- Born: 5 October 1987 (age 38) Addis Ababa, Ethiopia
- Education: Admas University College–Addis Ababa
- Occupation: Actress
- Years active: 2008–present
- Spouse: Mohammed Hussein Al Amoudi
- Children: 1
- Parent(s): Assefa Demelash Rebeka Feyessa
- Awards: Best Actress of The Year, 2013
- Website: Archived website

= Mahder Assefa =

Ethiopian actress

Mahder Assefa (born 5 October 1987) is an Ethiopian actress. She has performed leading roles in Seberta, Yalteneka Amalayu, Ye Bet Lij, Shefu, FBI 2, Made In China and the Triangle trilogy. Mahder also garnered a public attention in 2011 late night television drama series Sew le sew, starring as Medhanit.
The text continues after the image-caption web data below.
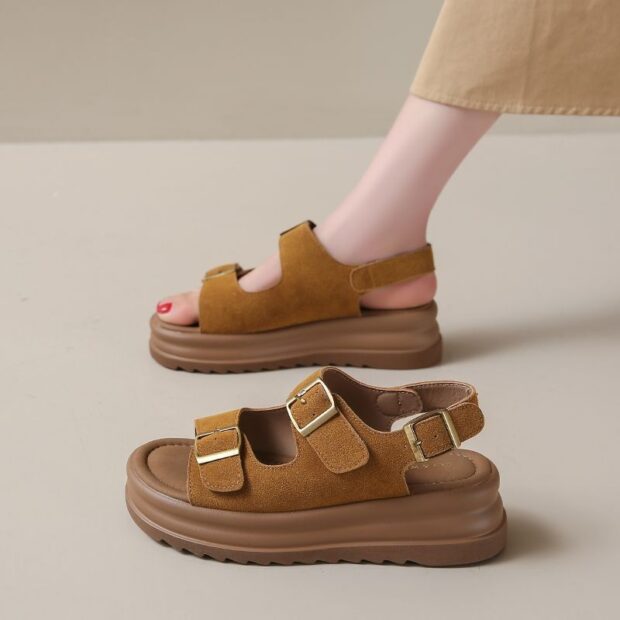 Retro leather flat sandals for women with vintage style and breathable summer design.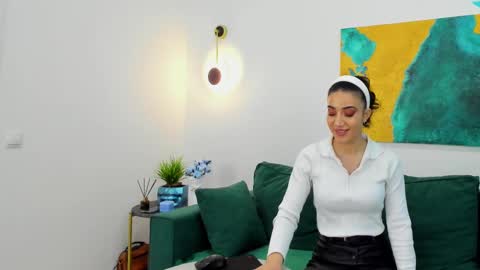 Maya online show from 21, 1, 2025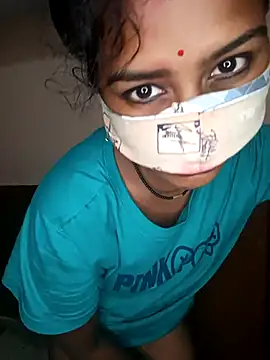 juhi06 online show from April 11, 2026, 6:12 pm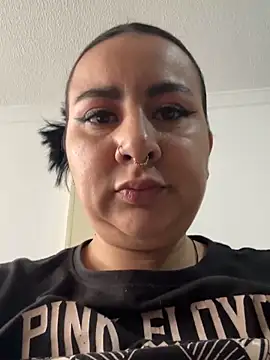 Abril Luv online show from 02-02-26, 01:21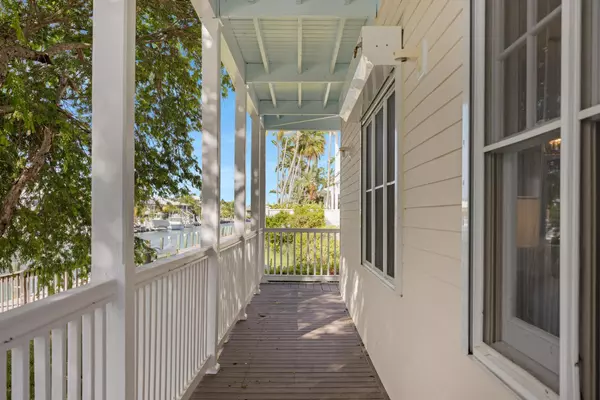 Duck, FL 33050,7043 Harbor Village Drive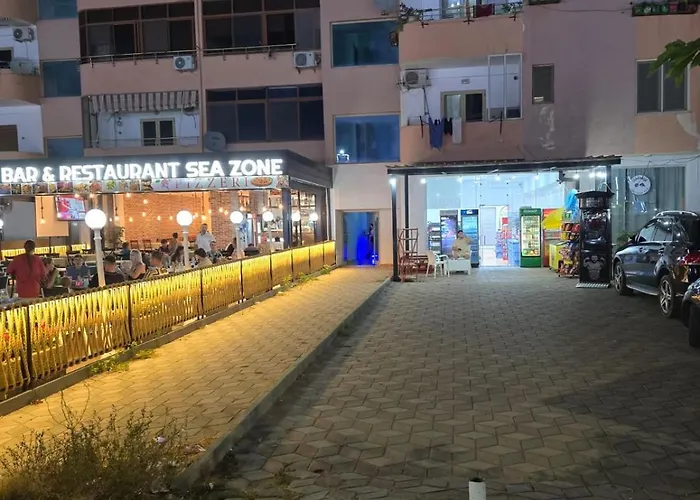 Beachfront & Park View Lejlighed *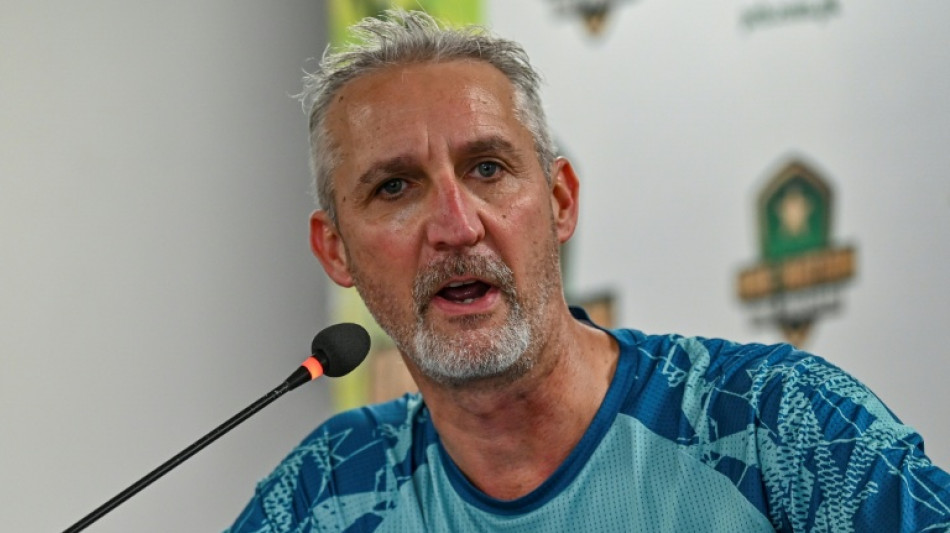  Ex-Pakistan coach Gillespie tells Javed 'look in the mirror' over sackings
== Early life and education ==
Mahder was born on 5 October 1987 in Addis Ababa, Ethiopia around Shero Meda to Rebeka Feyessa and Assefa Demelash. She lived there until she was 5, at which point she moved to the neighbouring district of Kera. She attended elementary school at Atse Zeray Yacob and then subsequently attended secondary school at Shemeles Habte School, graduating in 2011. She completed her college education at Admas College, studying Secretarial Science. While attending college, she worked as a salesperson.
Mahder showed an interest in dancing from a young age. Despite her parents' desire for her to focus on her education, she continued dancing until high school and formed a dance group with her friends, entitled "UNIQUE GIRLS". The group was successful and led to Mahder and her co-performers being invited to be background dancers with a range of Ethiopian musicians, including Dawit Melesse and Tibebu Workiye. Coverage on television led to her mother discovering her dancing hobby, and the group disbanded to allow Mahder to focus on education.

== Career ==
Upon leaving college, she gained employment with Bole International Airport, working in a duty-free shop as a salesperson for around four years. During this time, she started her work in the film industry and applied for a role in Tasralech. Despite her reservations about her lack of acting experience, she gained the part. She was subsequently persuaded by a friend to join a production company.
Following her first film, Mahder starred in several others such as Seberta, Yalteneka, Amalayu, Ye Bet Lij, Shefu, FBI 2, Made In China, Triangle, Amran, 45 Ken, Linega Sil, Tsinu Kal, Body Guard, Hiwot ena Sak, Ayrak, Anelakekem.
In 2011, Mahder also starred in the popular television drama series Sew le sew, rolling as Medi. Her appearance in the show raised her profile, and soon she also had work in billboards, magazines and TV commercials.
In connection with her filmography, she has been interviewed on several television shows, including ETV Lewtatoch and Enechewawet on EBS TV.

==Personal life==
Mahder is married to Saudi-born businessman Sheikh Mohammad Hussein Al Amoudi as Newspaper tabloids reported.

== Awards and nominations ==
In 2012, Amran was selected as best film of year in Sheger 102.1 Leza Radio Show. Mahder Assefa is selected as a Winner Best Actress of The Year 2013. The selection is based on audience choices and her renowned film.

In 2012, one of Mahder's works, Amran, was selected as film of the year by FM 102.1.
In 2013, she was selected as Best Actress of The Year.